Pamela Villoresi

C’è uno strano destino nella carriera di Pamela Villoresi quello di interpretare grandi donne: “Spesso interpreto donne che sono state miti della tragedia o altre come madame Curie, altre che hanno avuto storie particolari”. Eppure tra i molti talenti di Pamela Villoresi ce n’è uno molto raro per attori e attrici, quello di leggere poesie: “Con le poesie ho passato le ore più belle della mia vita. Potessi dire la stessa cosa dei miei amanti sarei una donna felice! Adoro proprio il verso, la sua capacità di sintesi”.

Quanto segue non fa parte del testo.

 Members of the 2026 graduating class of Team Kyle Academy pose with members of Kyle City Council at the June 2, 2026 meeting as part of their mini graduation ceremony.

Le poesie del resto richiedono proprio una tecnica diversa: “Io cerco di andare all’anima del verso e cercare di farlo sentire come lo sento io, poi ognuno ci può leggere quel che vuole quando comprerà il libro. Ma leggerle solo tecnicamente annoia, non si può sentire un’ora di poesia lette tecnicamente. Ho avuto a conforto il grande Mario Luzi che spesso veniva a sentire i recital delle sue poesie che facevo e mi diceva che sentendo me che le recitavo ricordava perché le avesse scritte”.
Secondo Pamela Villoresi del resto non ci sono poesie che non tocchino, solo lettori che non cercano abbastanza a fondo: “A me piace molto fare serate con la musica sia in versi che no. Ne faccio ad esempio una con Danilo Rea chiamato Terra dedicata al pianeta Terra e un’altra su Eleonora Duse con un altro pianista e ne sto preparando uno su Chopin. Sono concerti con voce recitante”.
In realtà però sono le assi del palcoscenico quelle che Pamela Villoresi conosce meglio, il 29 Novembre sarà a Roma con la commedia Confidenze pericolose, scritta da Daniela Morelli proprio per questa compagnia: “E infatti il mio personaggio pratica uno sport che anche io pratico, è un’analista che fa canottaggio, nella cui vita arriva una soubrette napoletana che porta scompiglio nella mia vita”.